To test whether NOD/SCID IL2Rγnull mice selected for growth of more aggressive clones, we transplanted cells from tumors grown in NOD/SCID IL2Rγnull mice back into NOD/SCID versus NOD/SCID IL2Rγnull recipients. The frequency of detectable tumorigenic cells in these tumors went back down in NOD/SCID mice (Suppl. Fig. 3a), demonstrating that heritable changes in the frequency of melanoma-initiating cells did not occur as a result of having grown in NOD/SCID IL2Rγnull mice. An increased xenogeneic immune response likely contributes to reduced tumorigenesis by melanoma cells in NOD/SCID mice as compared to NOD/SCID IL2Rγnull mice.

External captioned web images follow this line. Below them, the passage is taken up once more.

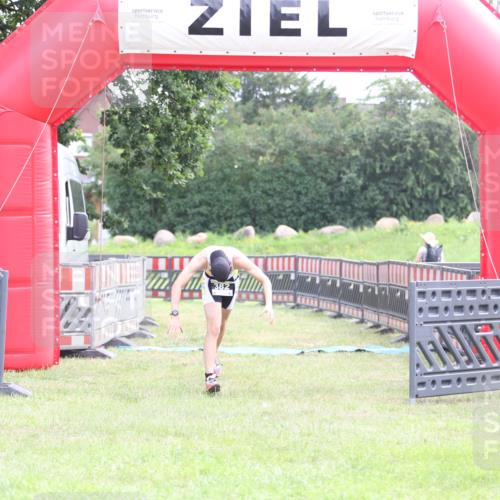 21.06.2026 - 29. Vierlanden-Triathlon Andreas Tolksdorf http://msf.ph/oto/9870577 21.06.2026 10:52:14 Ziel  meine-sportfotos.de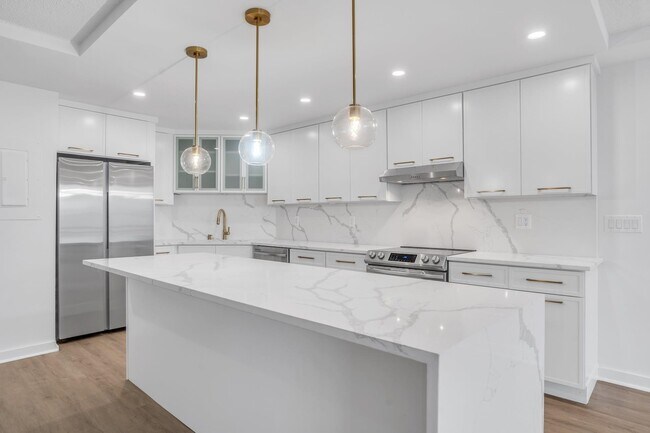 Building Photo - 1055 River Rd Unit 809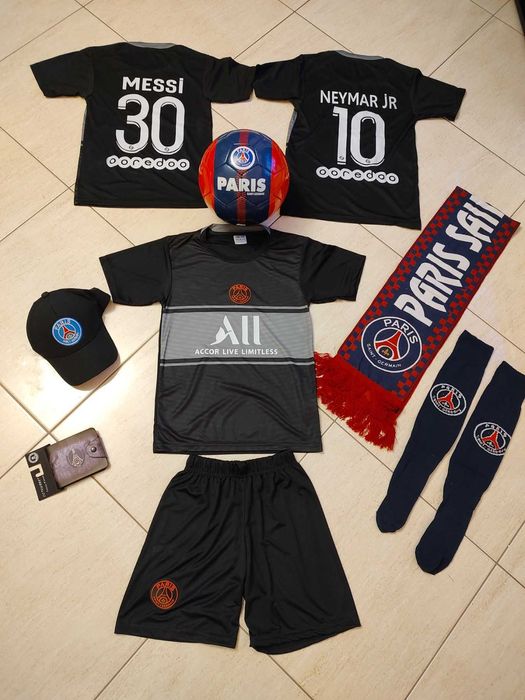 Neymar 10 + Калци PSG Black Детски Черен Екип сезон 22 Комплект Неймар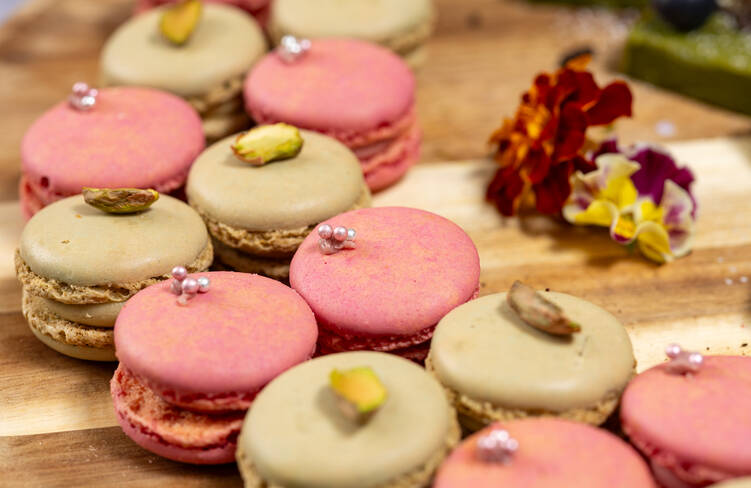 本日のマカロン2種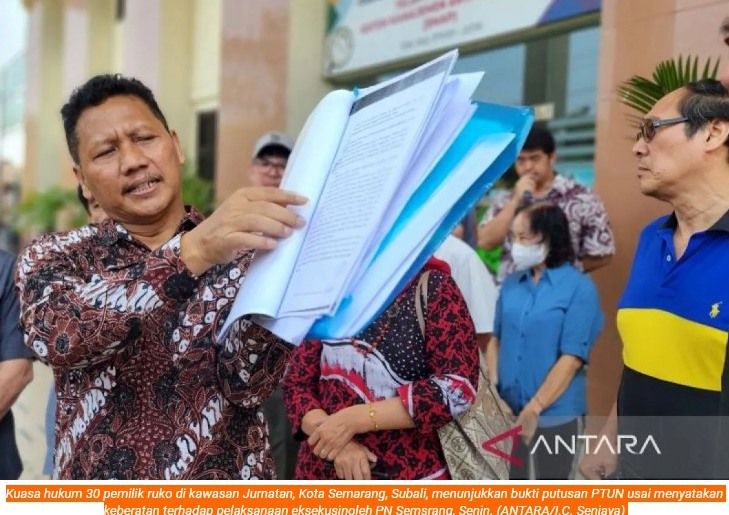 Kuasa hukum 30 pemilik ruko di kawasan Jurnatan, Kota Semarang, Subali, menunjukkan bukti putusan PTUN usai menyatakan keberatan terhadap pelaksanaan eksekusi oleh PN Semarang, Senin (16 Oktober 2023)
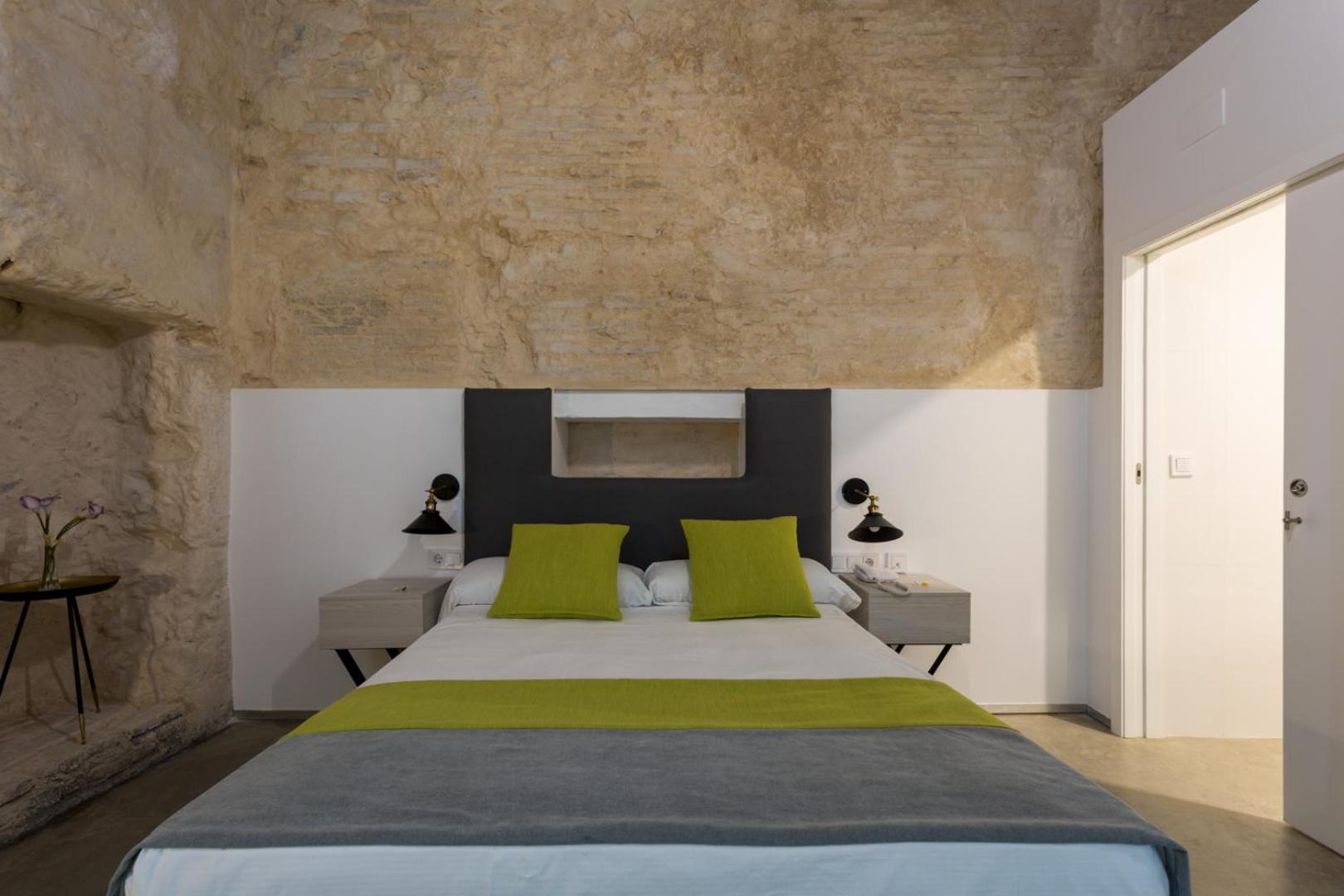 Double Room - Disability Access - Photo 2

We next tested whether further improvements could be made in melanoma cell engraftment. Coinjection with Matrigel28 increases tumor formation by cancer cell lines29,30 and enhances the engraftment of primary human epithelial cancer cells in immunocompromised mice6,31. To test the effect of Matrigel on the ability to detect tumorigenic melanoma cells, we isolated live human melanoma cells by flow-cytometry (Fig. 2a) from xenografts derived from 3 patients. The same cell preparations were transplanted into NOD/SCID IL2Rγnull mice after mixing with either vehicle (see Methods) or vehicle with Matrigel. Tumor cells injected with Matrigel produced tumors that grew faster than cells injected with vehicle alone (Fig. 2c and Suppl. Fig. 4a), and limiting dilution analysis revealed that in every case more melanoma cells were tumorigenic in Matrigel (Suppl. Fig. 4b).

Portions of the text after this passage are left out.